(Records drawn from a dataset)
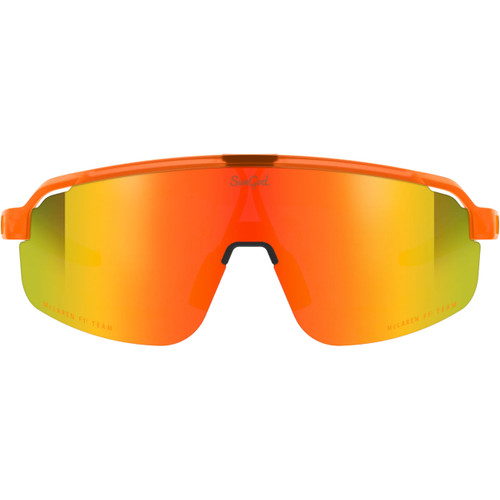 Sungod McLaren F1 Team Papaya FORTY2s Sunglasses Frosted Papaya with Fire Lens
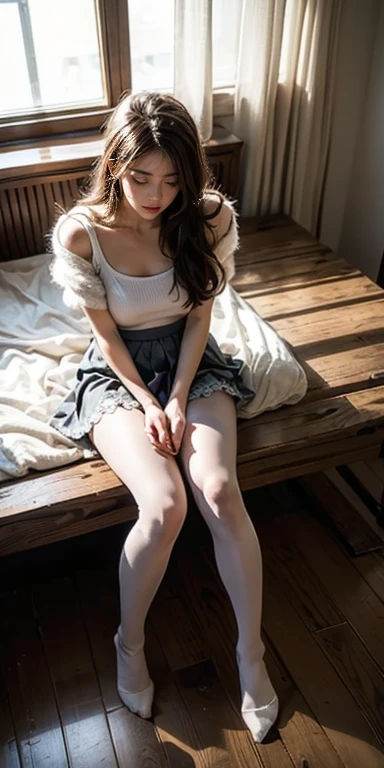 {{{masterpiece}}}, {{{highest quality}}}, {{Super detailed}}, {shape}, {{very delicate and beautiful}},
break,{{18 year old high school girl,laughter:(I can see the tear bags)}},{{(white mini skirt,{(Colorful panties)}},{{hold hands}},{{wear sneakers}},{{mirror floor:I can see my pants}}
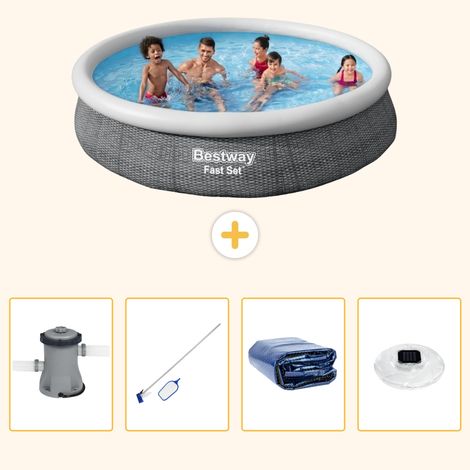 Bestway Bestway Fast Set Ronde - 366x76 cm - 5-pièces S305 (1/5)
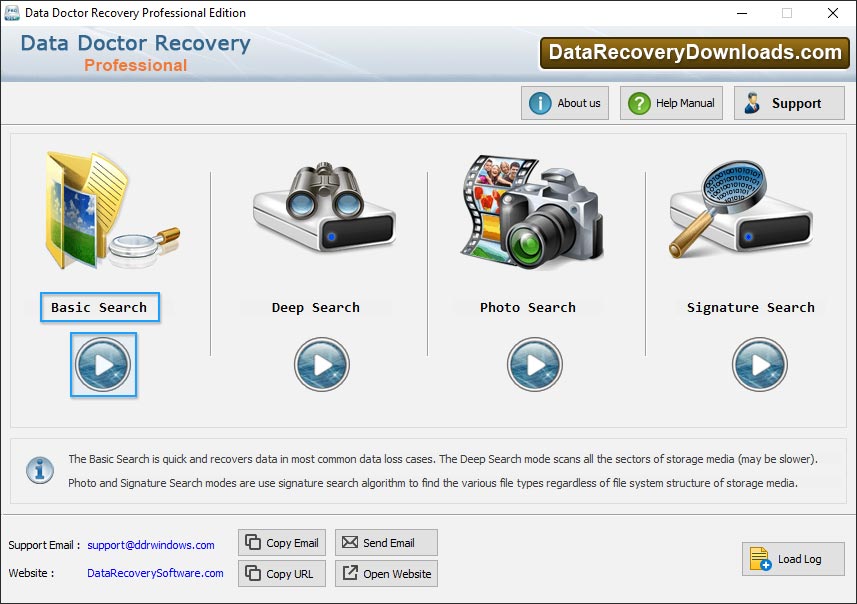 Select any one searching mode Select any one searching mode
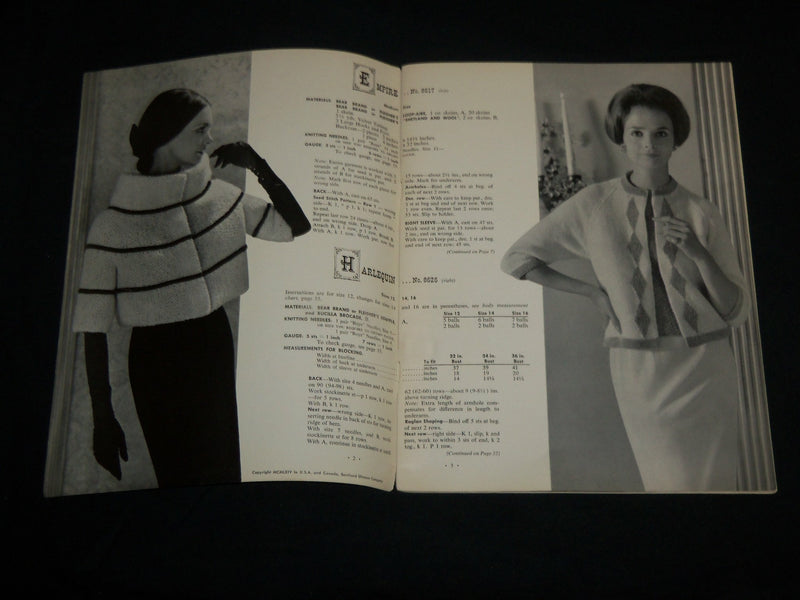 1964 BOUTIQUE FASHIONS TO KNIT AND CROCHET VOLUME NO. 85 - BEAR BRAND - J 6745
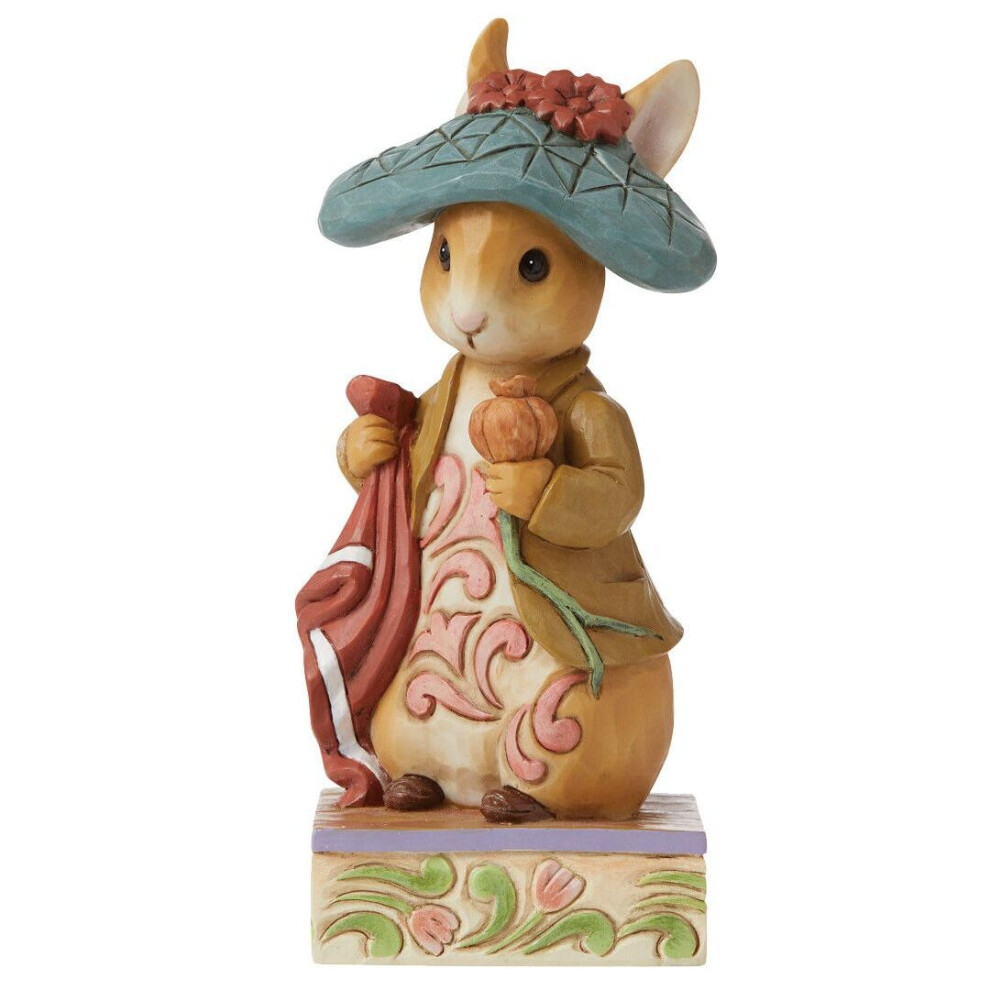 Beatrix Potter by Jim Shore Nibble, Nibble, Crunch! Benjamin Bunny Figurine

WORK REQUEST:
The data above holds the lines to copy: start at the one with "Bestway Bestway Fast", stop at the one with "1964 BOUTIQUE FASHIONS", include both, copy them exactly without pictures, and copy nothing else.

SOLUTION TO THE EXERCISE:
 Bestway Bestway Fast Set Ronde - 366x76 cm - 5-pièces S305 (1/5)
 Select any one searching mode Select any one searching mode
 1964 BOUTIQUE FASHIONS TO KNIT AND CROCHET VOLUME NO. 85 - BEAR BRAND - J 6745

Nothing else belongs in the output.